1. THQ Under the Radar
In the gaming industry, THQ is a small player, at least from a market capital point of view, THQ is merely $300M, while both Electronic Arts (ERTS) and Take Two (TTWO) are over $1B. Well, a good execution could grow a company rather dramatically. THQ's CEO recently presented a roadmap for for 2011 and beyond, and its uDraw game recently kicked off a series of new products. The game was well accepted during this holiday season, and it looks to be a big hit in the industry. The company expected 1.3M sales, and it could hit over 2M based on the momentum so far. uDraw really changed the philosophy of the game design; the new technology can be implemented in upcoming games and players look forward to them.
Although, in my view, THQ may rebut any offers from competitors as the potential growth has not been reflected in the stock price at all. A very sweet offer could still trigger management's itchy fingers.
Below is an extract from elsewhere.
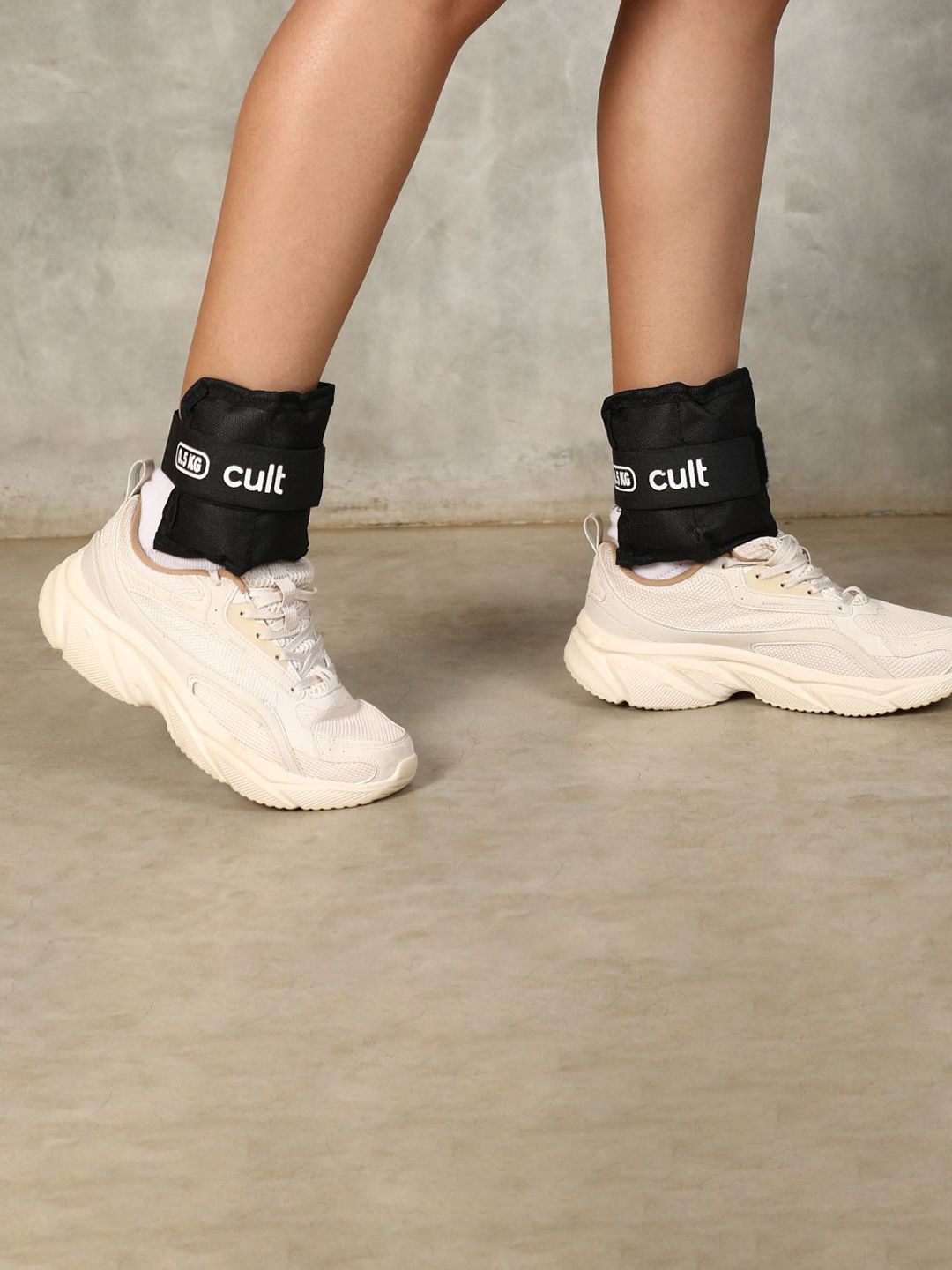 CULT 2-Pcs Ankle Weight Workout Accessories - 1kg-picture-3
2. First dividend paying company in solar industry
It has been over 5 years since many solar companies went public, and everyone has been striving to lower costs of the electricity generated by PV panels. The PV chain includes silicon materials, ingots, modules, and panels. Today we have costs very close to $1/W, which is a critical level for solar energy to compete with fossil fuel. More countries are starting to realize that renewable energy is the future, not only because fossil fuel is limited on this planet, but also because solar energy and other renewable sources have less negative environmental impact. Countries such as the USA, China and the EU are investing incrementally in solar and wind energy. China's "Golden Sun" project could easily boost solar panel demand by 9-10GW in the next 5 years (2011-2016 is the nation's 12th 5-year strategic plan). 2011 may be the year that solar companies become self sustainable and some even start to pay dividends. Two companies are on the top of the list, LDK Solar (LDK) and Trina Solar (TSL).
LDK Solar is the most likely one, with full capacity production reaching a head, the cost for LDK is well below its competitors, and the cost model on Wall Street is way behind the curve. Keep in mind, the company doesn't have to produce wafers and modules in full capacity. Rather, the cost per watt for LDK is dropping dramatically, and our model shows the 2011 cost for LDK is likely well below $1/W. We will not be surprised to see a 10-20c dividend announcement in 2011. Investors have been worried about its $1.3B debt, but with this earnings growth, it is not difficult for the company to reduce debt 20%-25% per year and still maintain a strong cash flow.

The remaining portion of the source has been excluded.